【完】会長様はご機嫌ナナメな皇帝閣下
どうしたんだ、一体。そして、私はどうすれば良い。私、こんな大人な、男臭い顔をする春風なんか知らない。


「……嫌なんだよね。会長に、取られるのが」


「…………は、何が?何が会長に取られるんだ?」


主語がないからわけ分からん。春風は、何が嫌で今日ずっと浮かない顔をしてたってんだ。そんなんじゃ、春風の味方になってやることは出来ない。

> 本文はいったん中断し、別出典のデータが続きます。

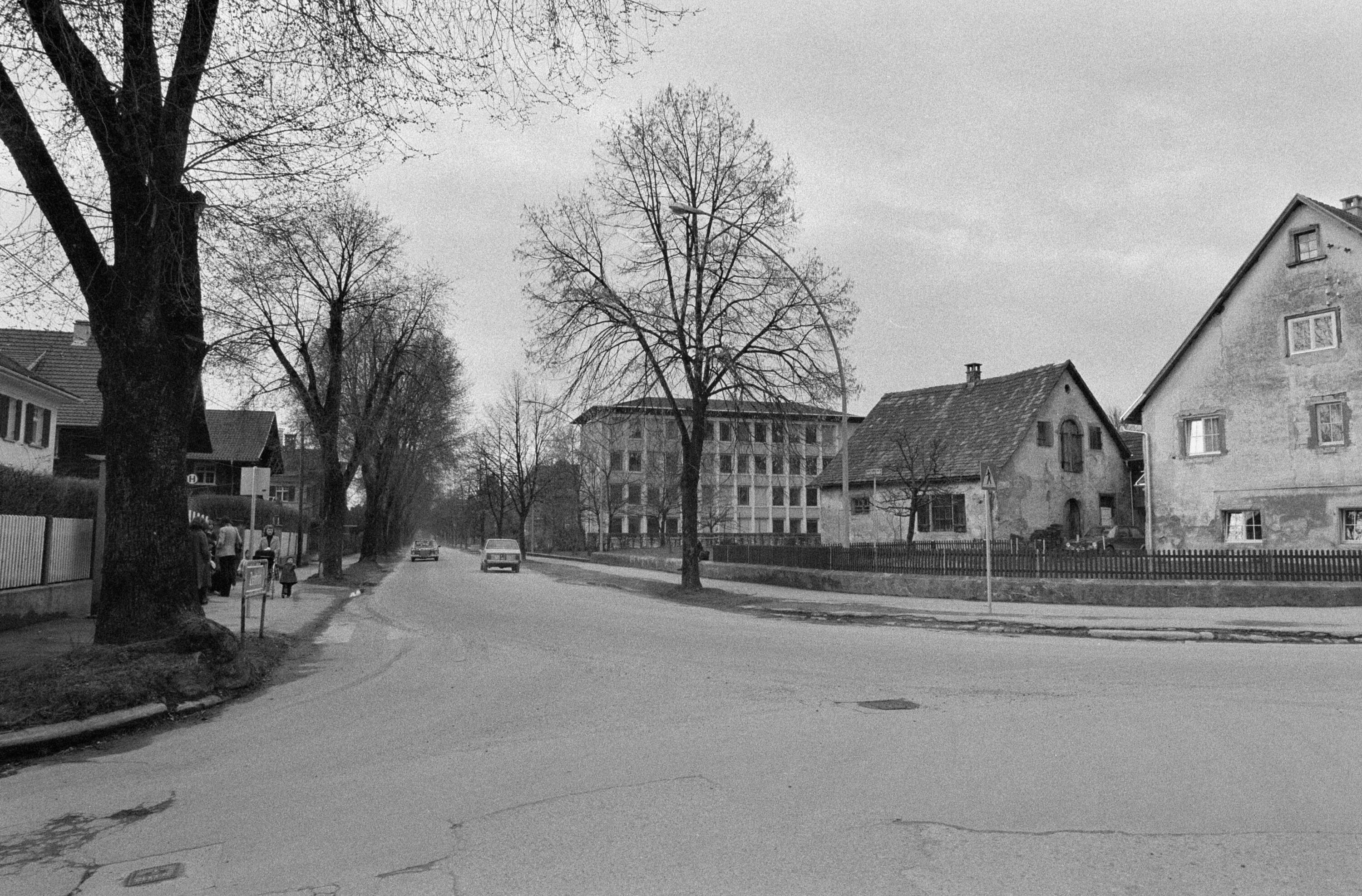 [Bregenz, Josef-Huter-Straße]></div>


    <hr>
    <div class=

戸惑って固まっている私に、ふいに春風がズイーッと近付いてくる。


な、なんだなんだ!?何なんだよ春風。今日の春風なんなんだホントに!


春風は、昔の知ってるそれとは違う、喉仏をフル活用したような低い、何だか色を帯びた声で囁く。


「そんなのひーちゃんに、決まってね?」


…………は、は、はぁ?パードゥン?何、今の、何?


私が目をぱちくりさせてると、春風が、やっぱり私が一度も見たことない、男の顔で笑った。


やだ、こんなの春風じゃねぇ。こんな顔出来る春風なんか、春風らしくねぇ。


でも、私が春風の何を知ってる?知ってるのは小学校の頃の春風だけ。一番多感な中学生の春風の隣を、私は歩んでいない。